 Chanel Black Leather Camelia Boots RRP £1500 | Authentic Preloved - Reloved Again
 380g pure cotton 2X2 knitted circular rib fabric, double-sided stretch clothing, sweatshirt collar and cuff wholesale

...

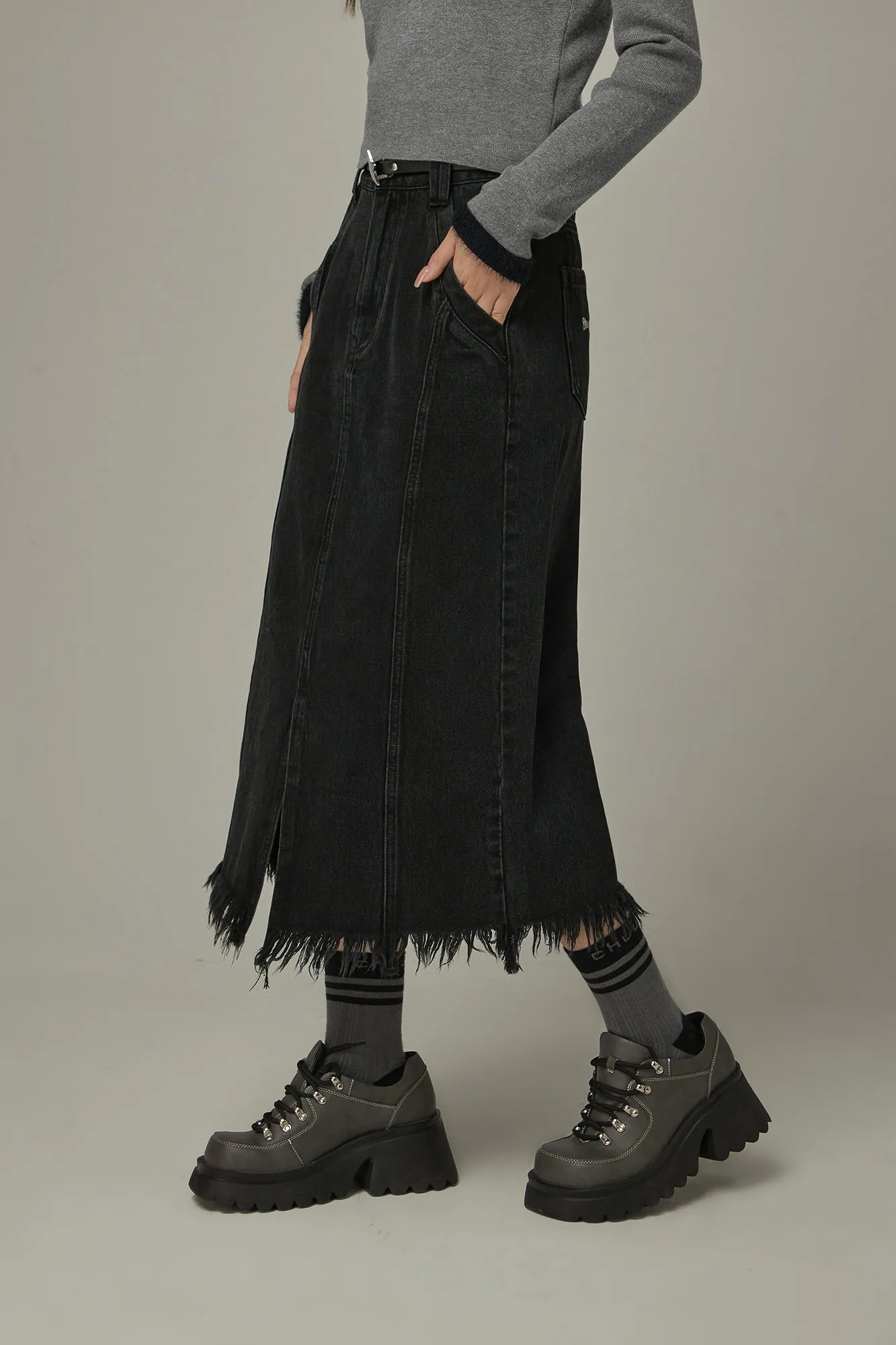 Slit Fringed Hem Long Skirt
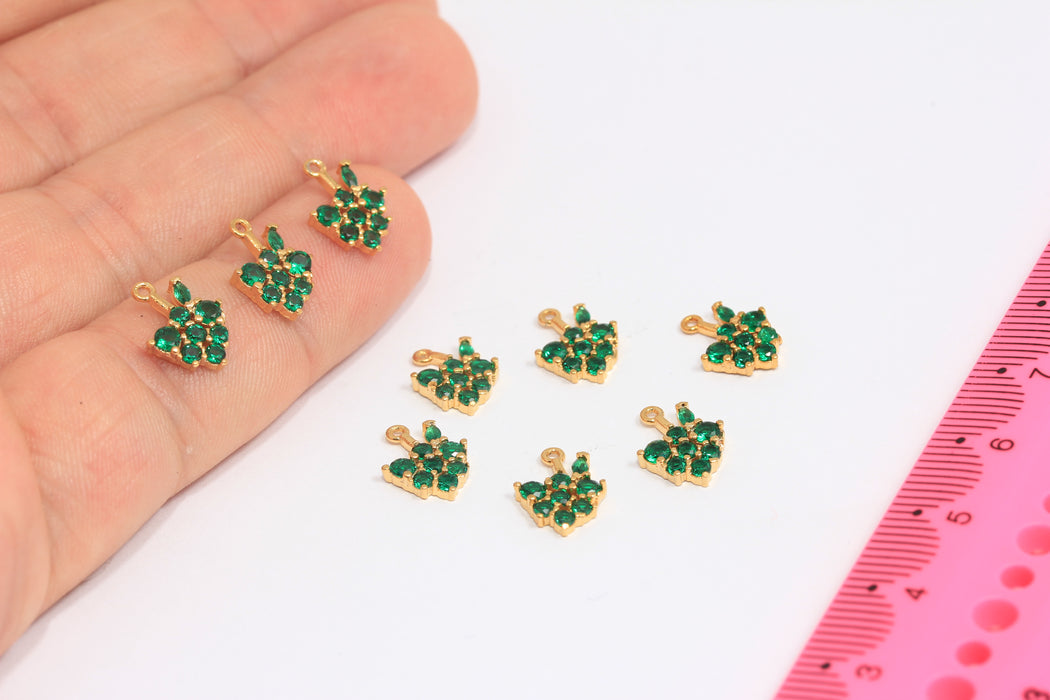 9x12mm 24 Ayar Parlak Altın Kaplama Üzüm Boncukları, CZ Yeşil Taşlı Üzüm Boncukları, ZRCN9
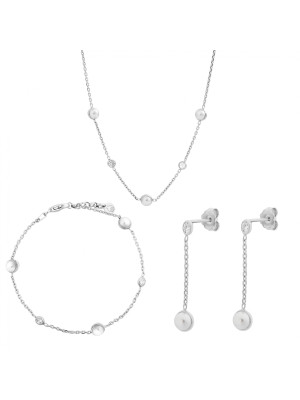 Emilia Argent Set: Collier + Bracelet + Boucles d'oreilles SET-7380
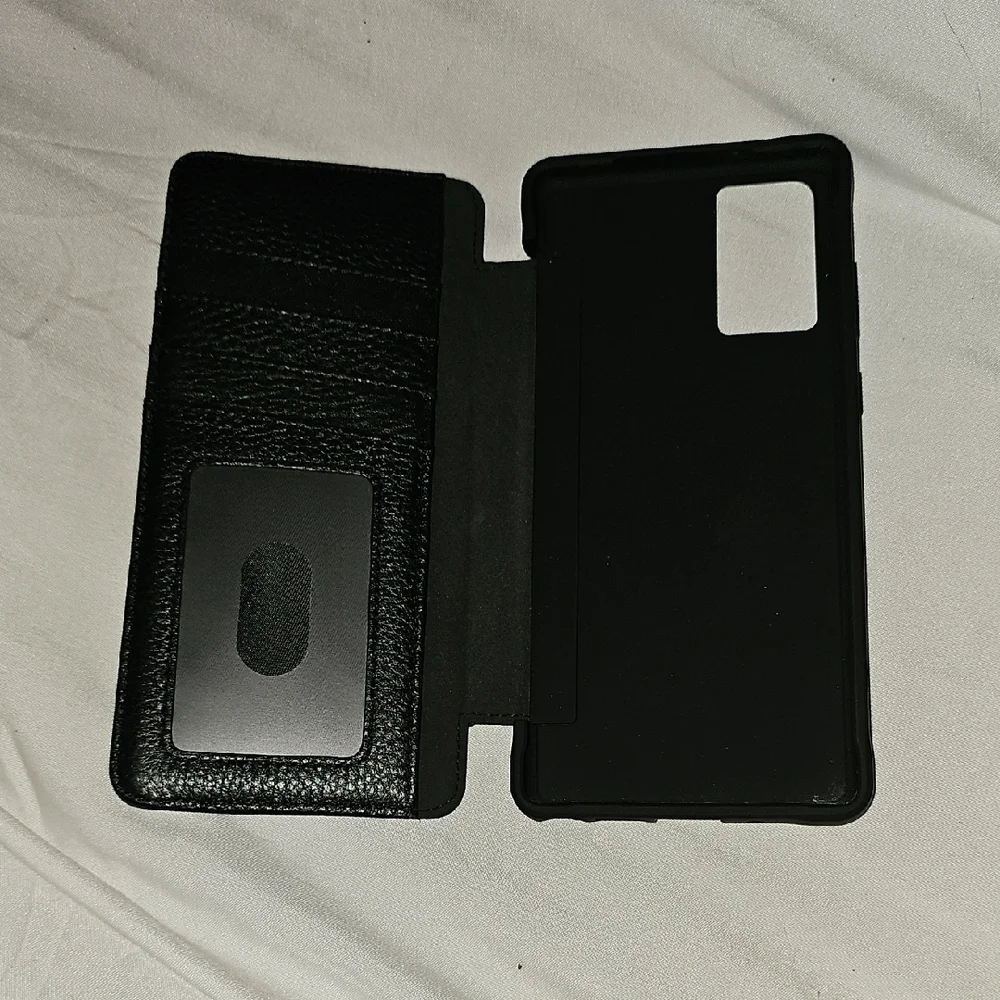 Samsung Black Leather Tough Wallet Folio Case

==

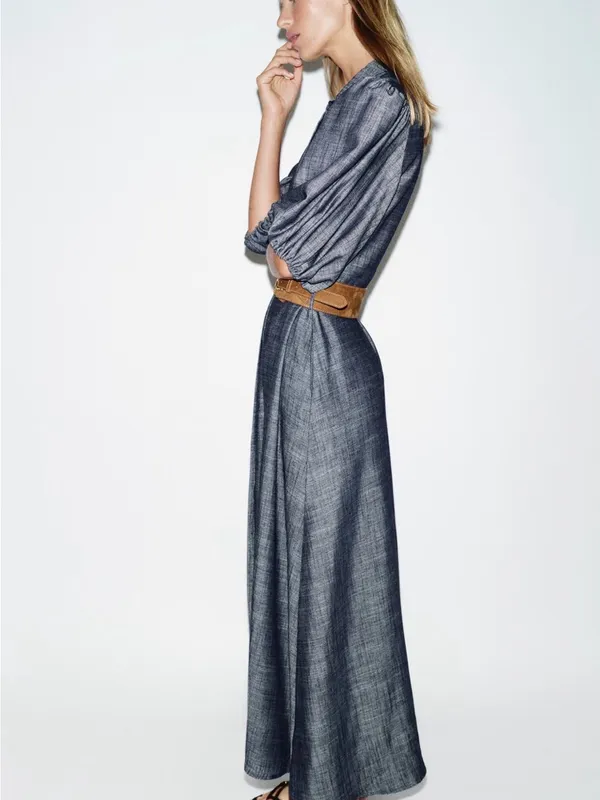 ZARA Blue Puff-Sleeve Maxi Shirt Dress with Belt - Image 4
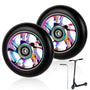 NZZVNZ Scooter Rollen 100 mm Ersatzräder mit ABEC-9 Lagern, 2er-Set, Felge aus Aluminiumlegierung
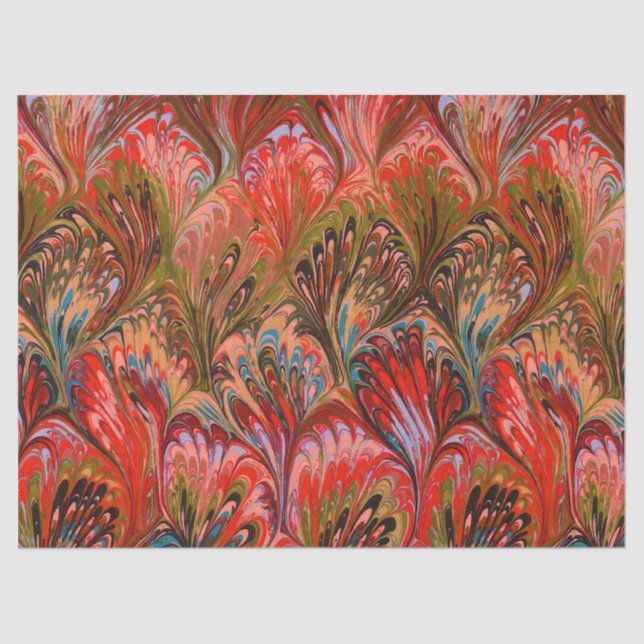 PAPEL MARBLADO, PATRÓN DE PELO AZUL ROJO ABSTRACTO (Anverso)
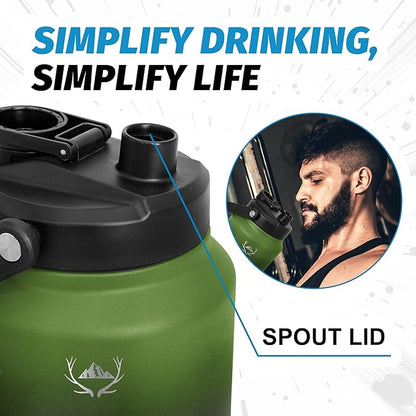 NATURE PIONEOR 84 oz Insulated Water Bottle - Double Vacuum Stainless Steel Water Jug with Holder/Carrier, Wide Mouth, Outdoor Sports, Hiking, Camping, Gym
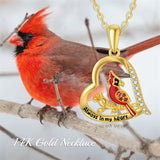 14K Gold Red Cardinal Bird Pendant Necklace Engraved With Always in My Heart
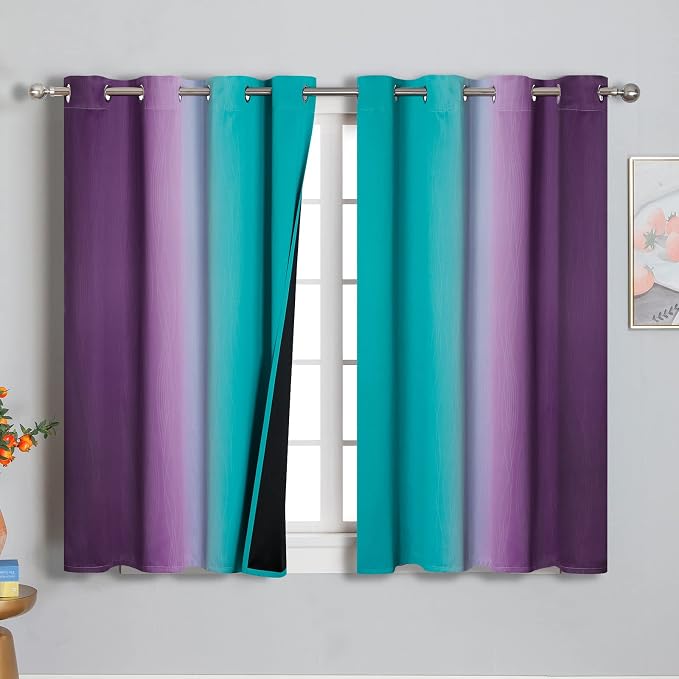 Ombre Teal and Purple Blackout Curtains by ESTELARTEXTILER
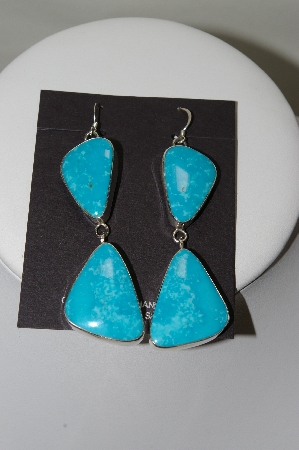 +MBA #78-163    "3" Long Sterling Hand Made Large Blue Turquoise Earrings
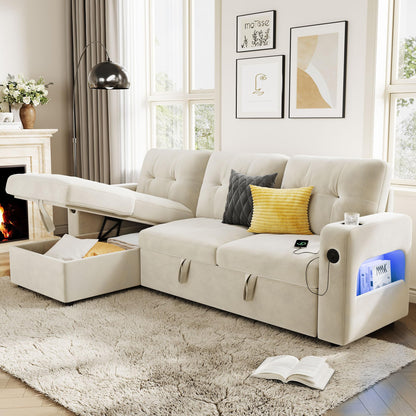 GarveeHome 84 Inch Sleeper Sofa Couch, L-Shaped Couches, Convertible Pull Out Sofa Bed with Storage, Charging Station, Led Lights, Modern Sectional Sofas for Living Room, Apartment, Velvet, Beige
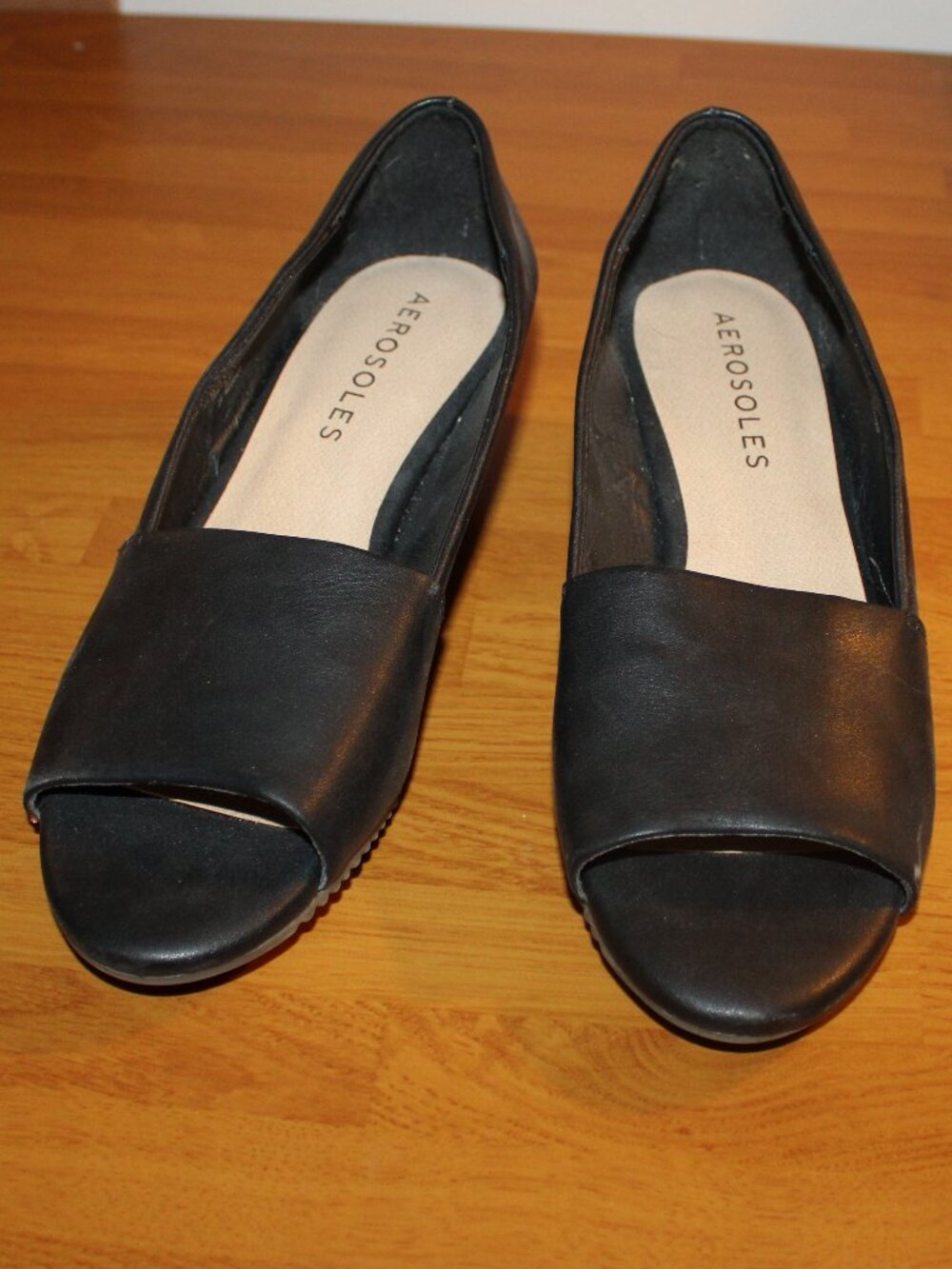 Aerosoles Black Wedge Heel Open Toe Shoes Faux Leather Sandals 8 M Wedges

Problem requirements
Set down, exactly as they appear above, all lines from the one that has "Chanel Black Leather" down to the one that has "380g pure cotton", including those two and no others.

Answer space
 Chanel Black Leather Camelia Boots RRP £1500 | Authentic Preloved - Reloved Again
 380g pure cotton 2X2 knitted circular rib fabric, double-sided stretch clothing, sweatshirt collar and cuff wholesale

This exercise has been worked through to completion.